[Action item]
In the material below, begin at the line that has "Aliita 9k Gold", stop after the line that has "For Xiaomi Redmi", and transcribe those lines exactly, without pictures.

[Provided information]

<<<<

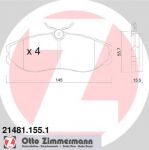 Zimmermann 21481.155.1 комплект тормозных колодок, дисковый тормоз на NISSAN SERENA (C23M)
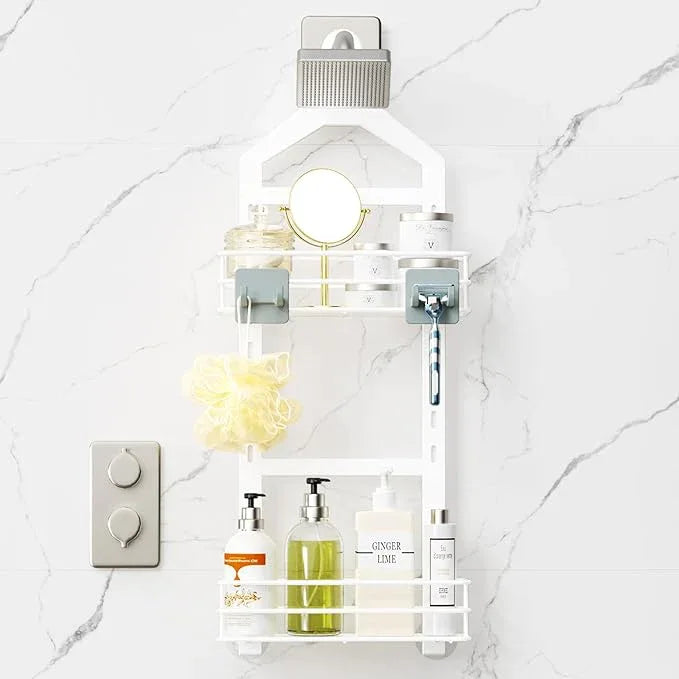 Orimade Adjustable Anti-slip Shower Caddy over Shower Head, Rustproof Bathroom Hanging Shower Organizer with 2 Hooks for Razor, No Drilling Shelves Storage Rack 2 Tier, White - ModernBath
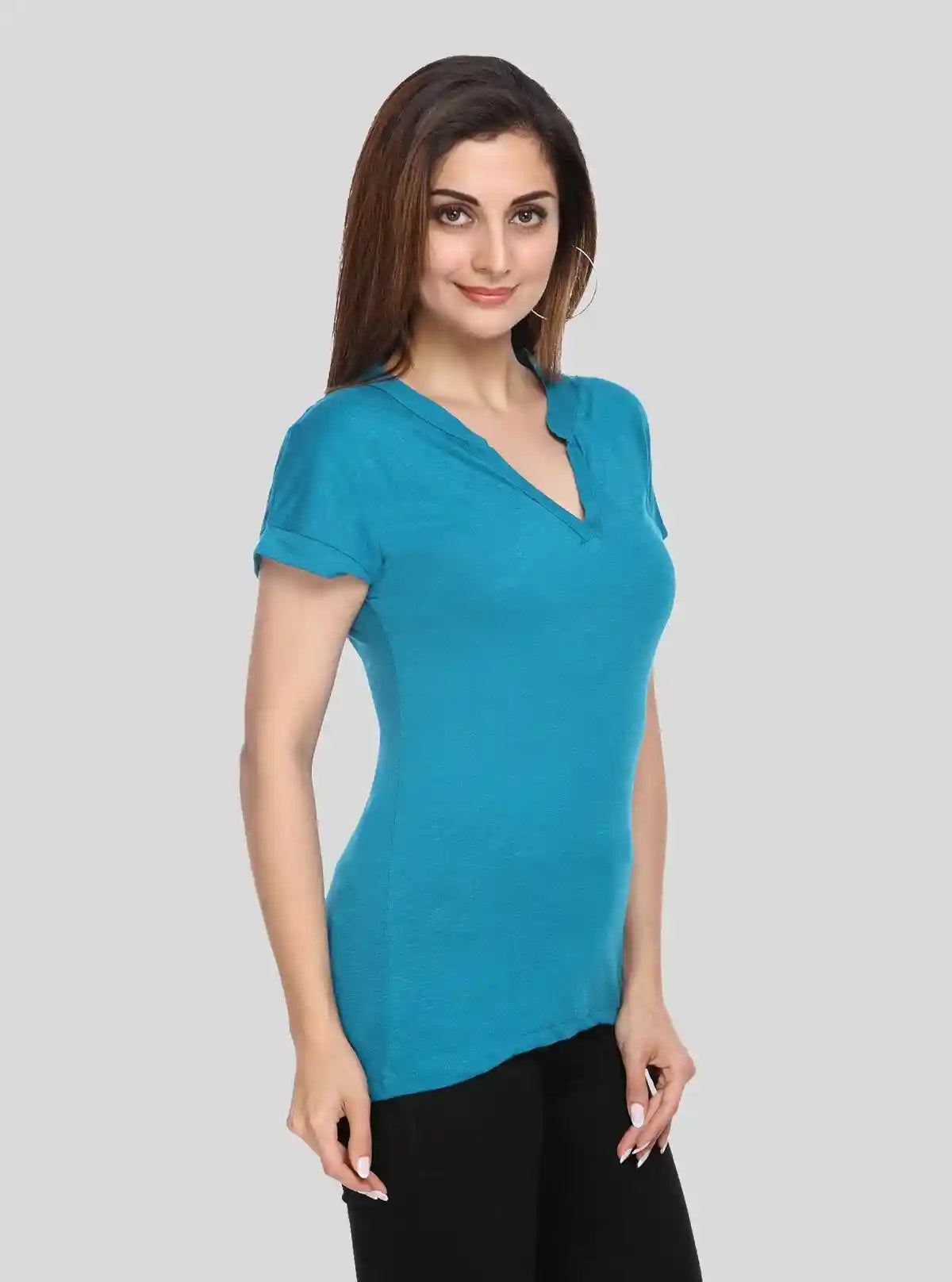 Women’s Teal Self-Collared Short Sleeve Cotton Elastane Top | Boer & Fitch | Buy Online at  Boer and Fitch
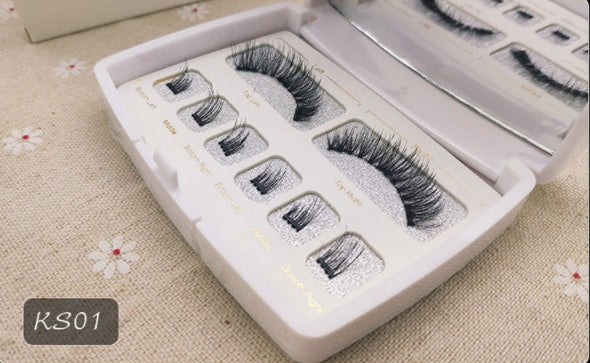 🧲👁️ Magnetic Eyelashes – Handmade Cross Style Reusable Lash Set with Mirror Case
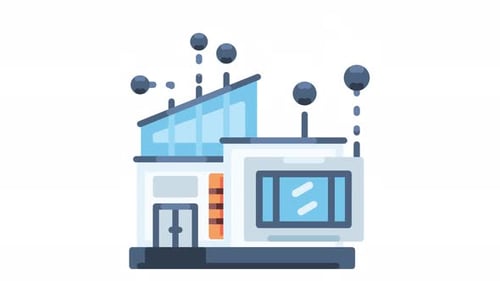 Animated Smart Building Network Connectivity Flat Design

>>>>
<<<<

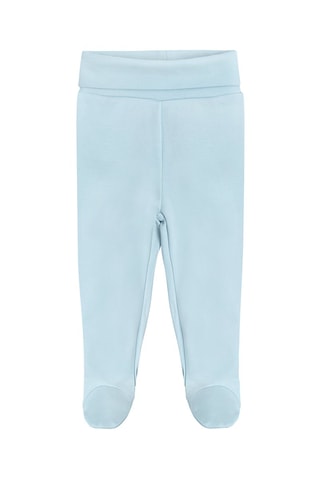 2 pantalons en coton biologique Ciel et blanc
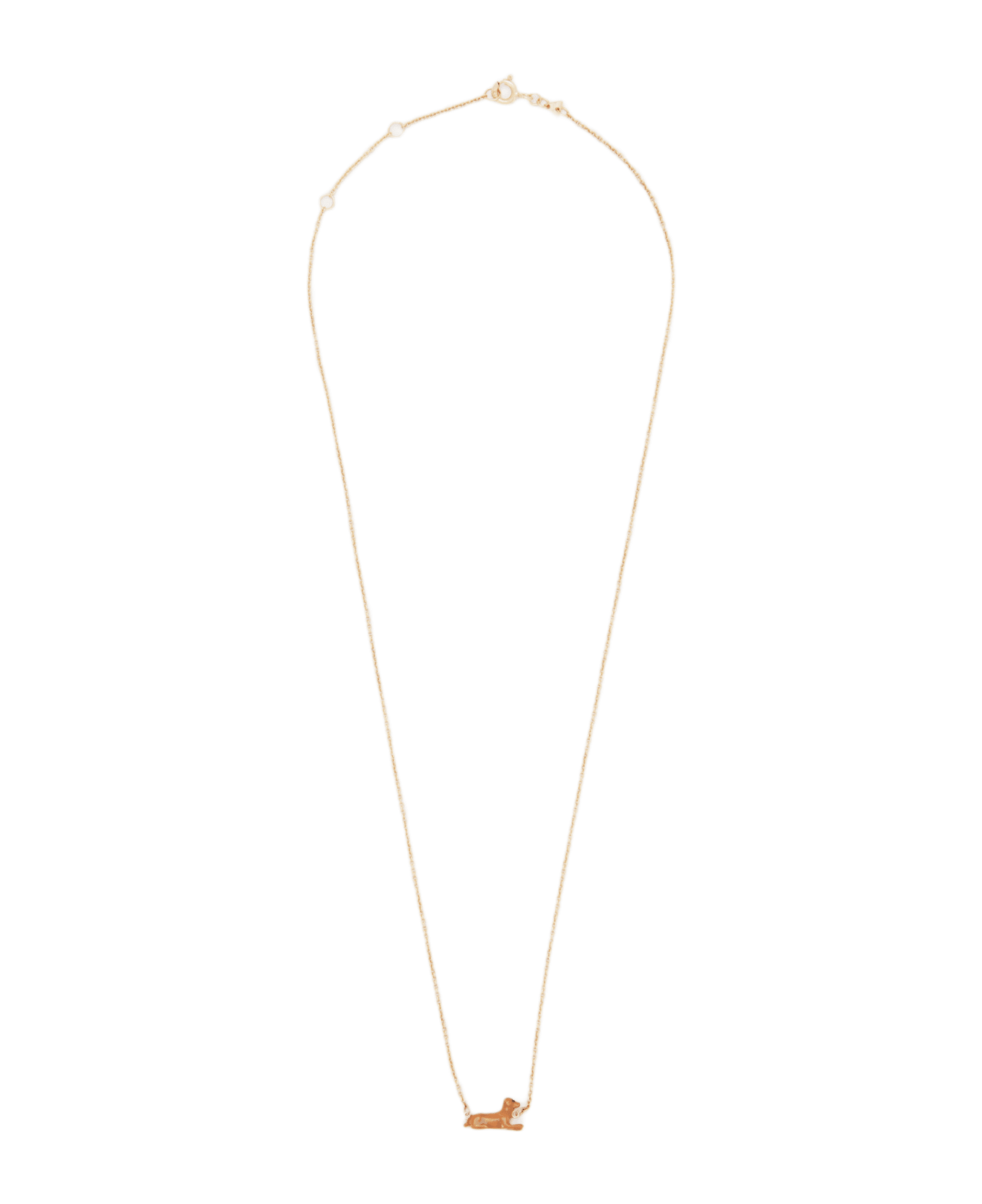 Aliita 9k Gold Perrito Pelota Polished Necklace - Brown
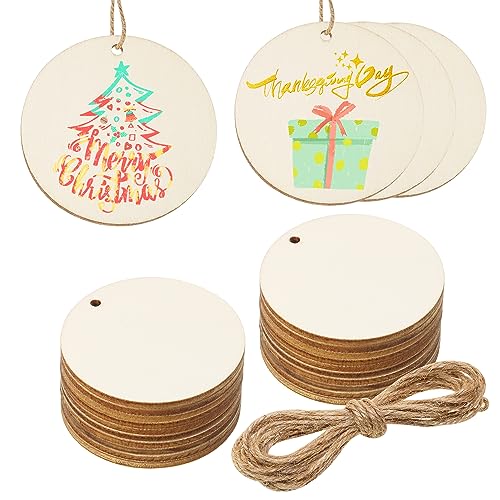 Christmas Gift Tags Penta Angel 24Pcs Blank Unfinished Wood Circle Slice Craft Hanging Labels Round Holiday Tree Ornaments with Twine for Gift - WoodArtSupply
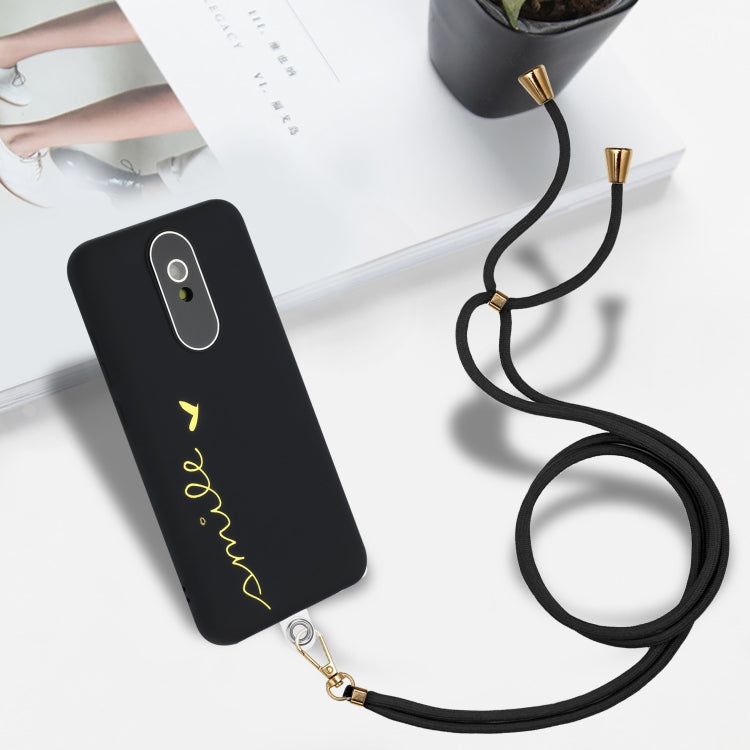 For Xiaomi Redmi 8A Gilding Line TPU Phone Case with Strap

>>>>

[Response area]
 Aliita 9k Gold Perrito Pelota Polished Necklace - Brown
 Christmas Gift Tags Penta Angel 24Pcs Blank Unfinished Wood Circle Slice Craft Hanging Labels Round Holiday Tree Ornaments with Twine for Gift - WoodArtSupply
 For Xiaomi Redmi 8A Gilding Line TPU Phone Case with Strap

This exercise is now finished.